## Problem requirements
Take the line containing "Studio/Γκαρσονιέρα για ενοικίαση" and each line after it through the end of the data below, and return them exactly, minus any pictures.

## Material provided
= = = =

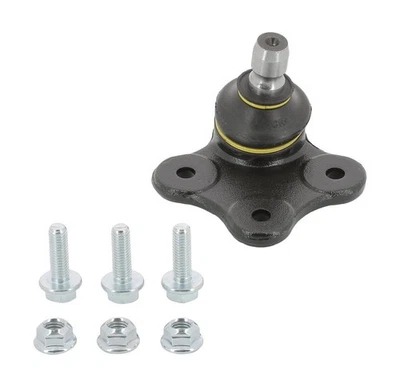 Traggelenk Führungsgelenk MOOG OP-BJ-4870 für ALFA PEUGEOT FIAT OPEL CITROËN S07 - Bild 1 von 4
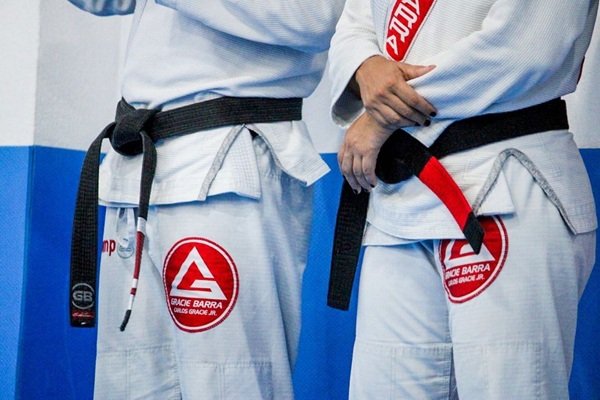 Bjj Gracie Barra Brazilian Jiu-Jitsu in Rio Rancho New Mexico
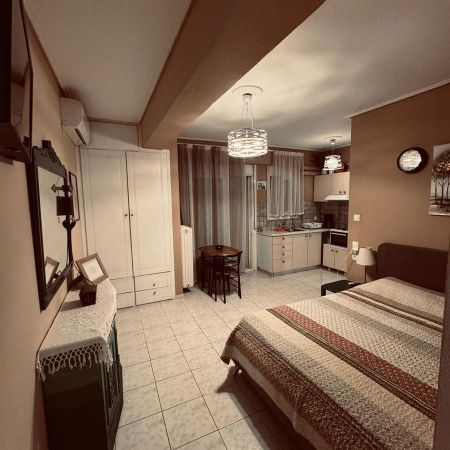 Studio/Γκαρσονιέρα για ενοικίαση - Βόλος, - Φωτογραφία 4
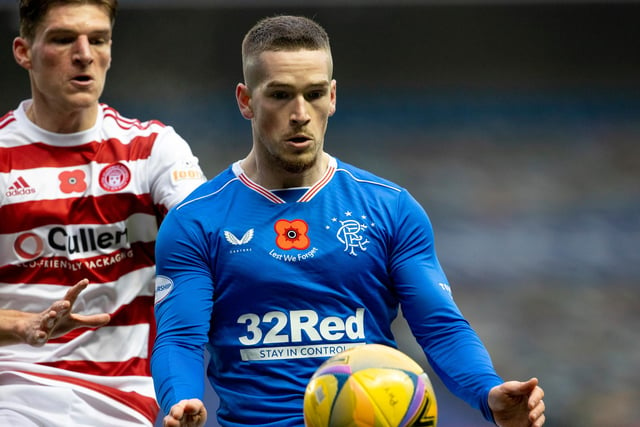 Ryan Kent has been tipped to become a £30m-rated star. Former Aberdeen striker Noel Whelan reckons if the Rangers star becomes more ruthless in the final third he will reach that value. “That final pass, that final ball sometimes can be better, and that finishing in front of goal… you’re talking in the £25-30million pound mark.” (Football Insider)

= = = =

## Written solution
 Studio/Γκαρσονιέρα για ενοικίαση - Βόλος, - Φωτογραφία 4
 Ryan Kent has been tipped to become a £30m-rated star. Former Aberdeen striker Noel Whelan reckons if the Rangers star becomes more ruthless in the final third he will reach that value. “That final pass, that final ball sometimes can be better, and that finishing in front of goal… you’re talking in the £25-30million pound mark.” (Football Insider)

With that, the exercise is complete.